“We continue to assess, but that requires a few conditions
to justify” having our own system, Cheng Hui-ming,
financial officer of the Taoyuan, Taiwan-based company, said
in a phone interview with Bloomberg today.
Those “conditions to justify” are pretty easy to figure out. Apple, for example, is making ridiculous amounts of money from controlling all aspects of its iPhone OS, from software to hardware to advertising to development. And the fact remains that HTC will always be seen as sort of a second-tier player in the mobile world without its own OS. The big boys are Apple, Google, and Microsoft–HTC may make phones for the latter two, but they’re not in the same league.
“If you look at the successful smartphone players, like
Apple and Research in Motion, a reason for their success is that
they have their own platform,” Steven Tseng,
who rates HTC
“buy” at RBS Asia Ltd. in Taipei and favors the company having
its own operating system in the long term, tells Bloomberg. “The negative is the
amount of resources they’d need to allocate.”
That negative, however, deserves more than that brief sentence. So many have tried and failed or are currently failing in the smartphone business. It’s brutal, and very few companies have the ability to put forth their own OS. You need hardware partners, software partners, content partners, and a huge dose of luck to eke out a space. HTC CFO Cheng Hui-ming also noted the “multiple factors” in the decision–it’s not an easy one.

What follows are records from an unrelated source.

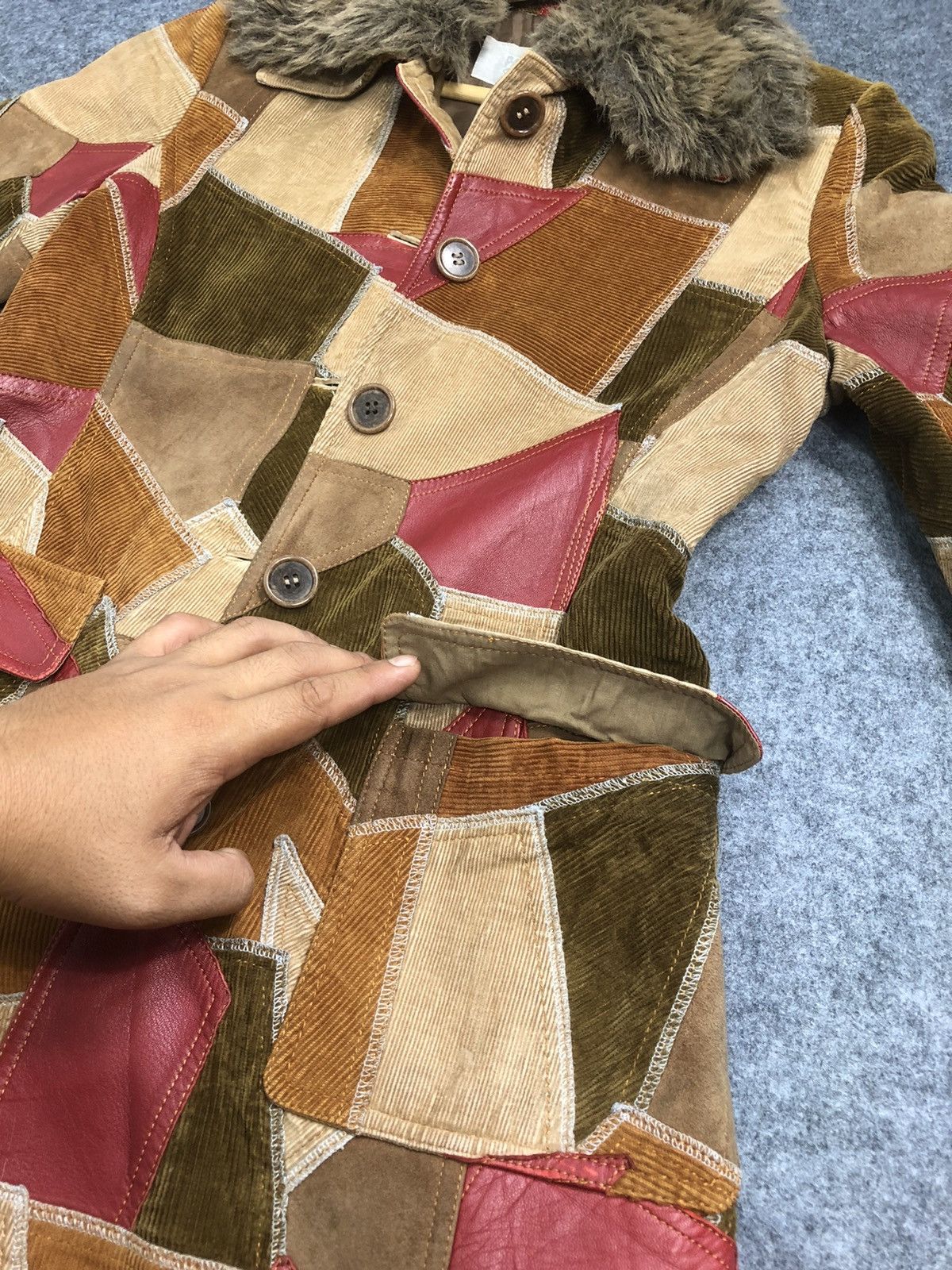 Japanese Brand Rarest🔥Patrick Cox Wannabe Patchwork Corduroy Leather Jacket Size US S / EU 44-46 / 1 - 7 Thumbnail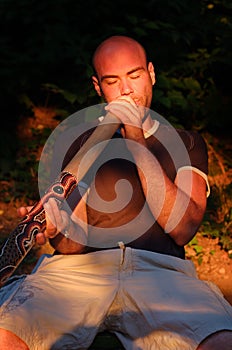 Didgeridoo player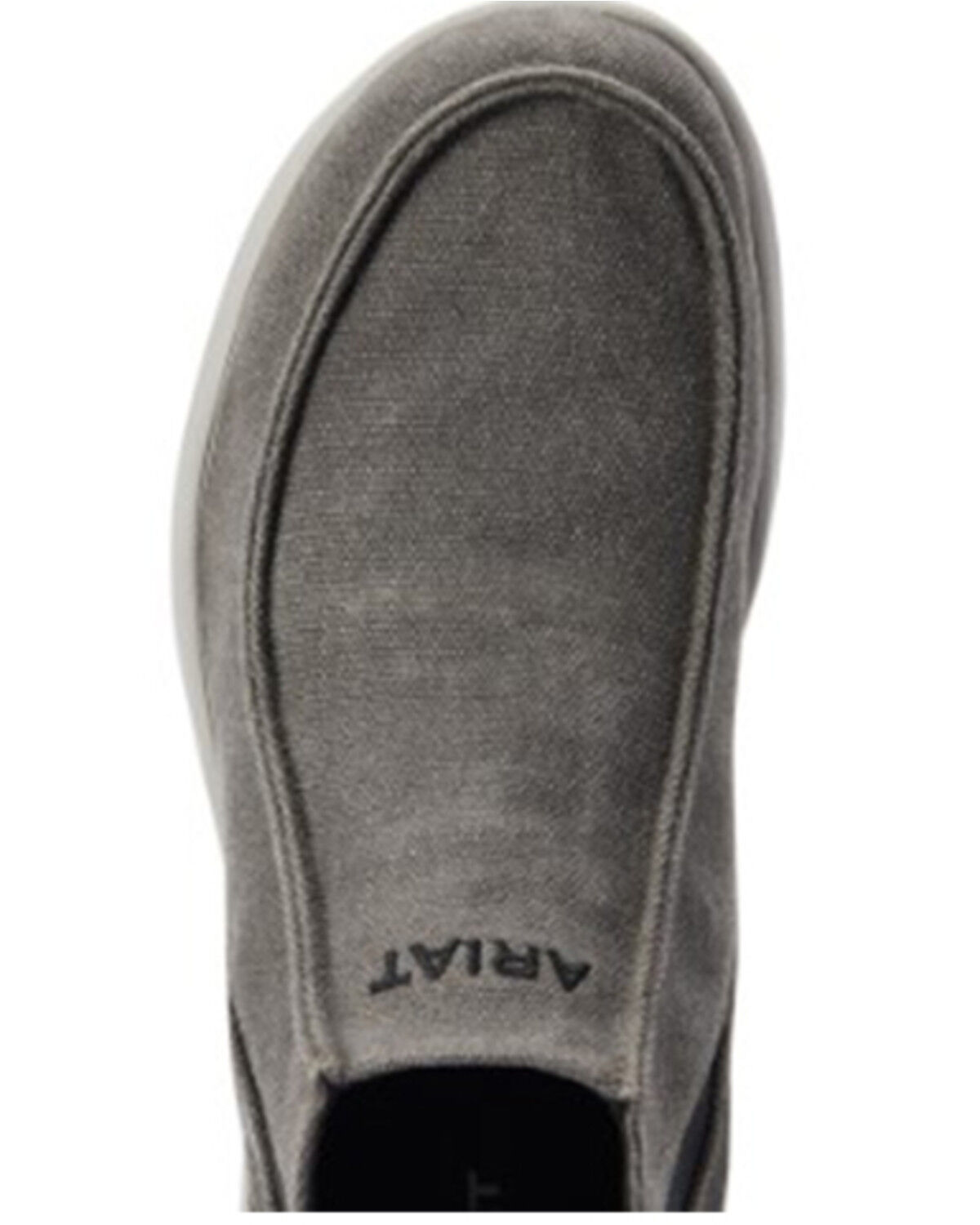 Image #4 - Ariat Men's Hilo Midway Slip-On Casual Shoes - Moc Toe, Grey, hi-res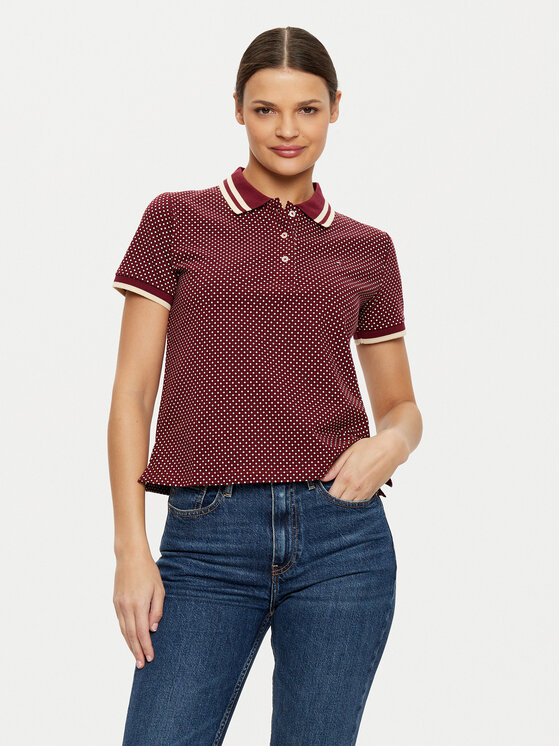 Tommy Hilfiger Tommy Hilfiger Tricou polo WW0WW43928 Roșu Slim Fit
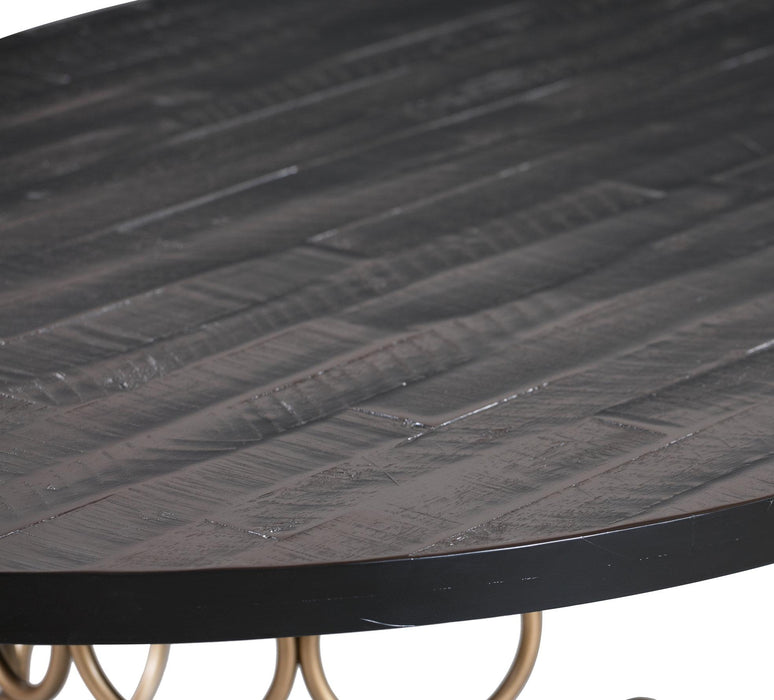 Valentina Brass Round Dining Table - UK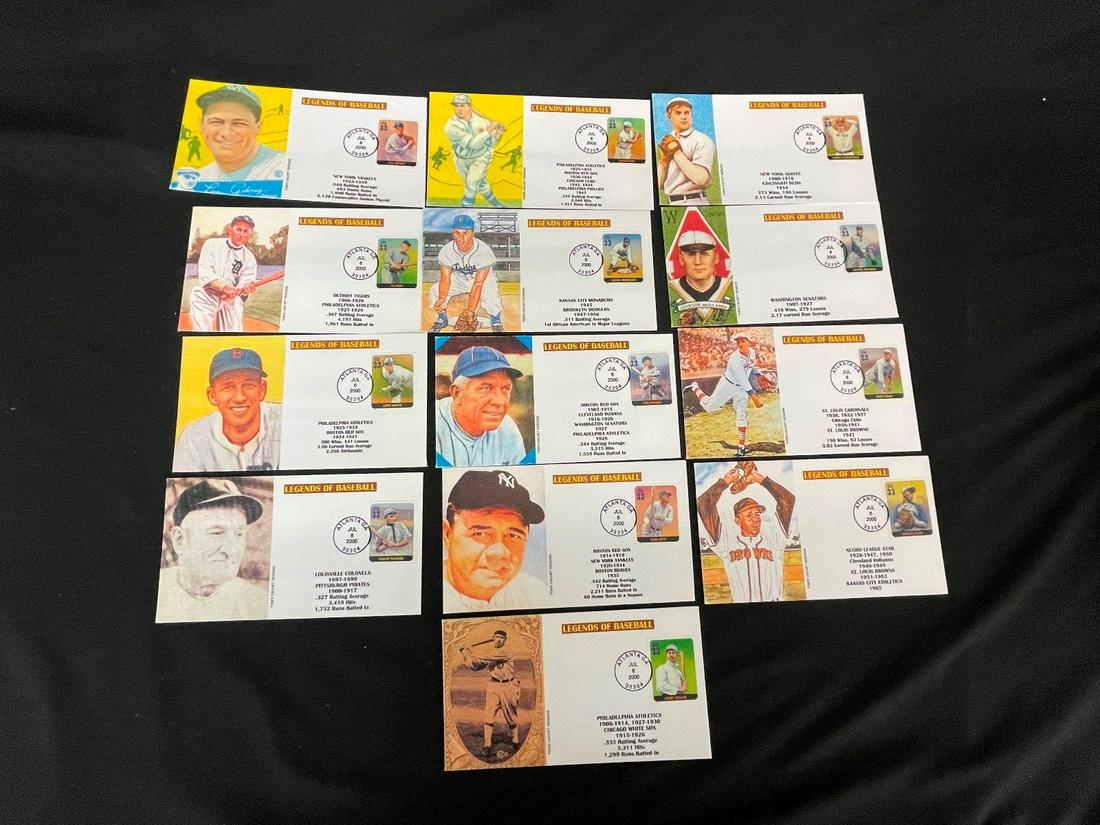 (13) Legends of Baseball FDC's (1 of 5)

HTC is thought to be one of the most likely buyers of the struggling Palm, which has its own OS, WebOS. WebOS is extremely highly-regarded but through a few mistakes and a sheer lack of power from Palm, it’s fizzling prematurely. HTC could step in, buy Palm, and institute WebOS as its own personal OS, plopped into its own fantastic smartphones and rebranded. This is all conjecture, but the point is, it’s totally reasonable conjecture. But for now, it remains merely a debate in HTC headquarters.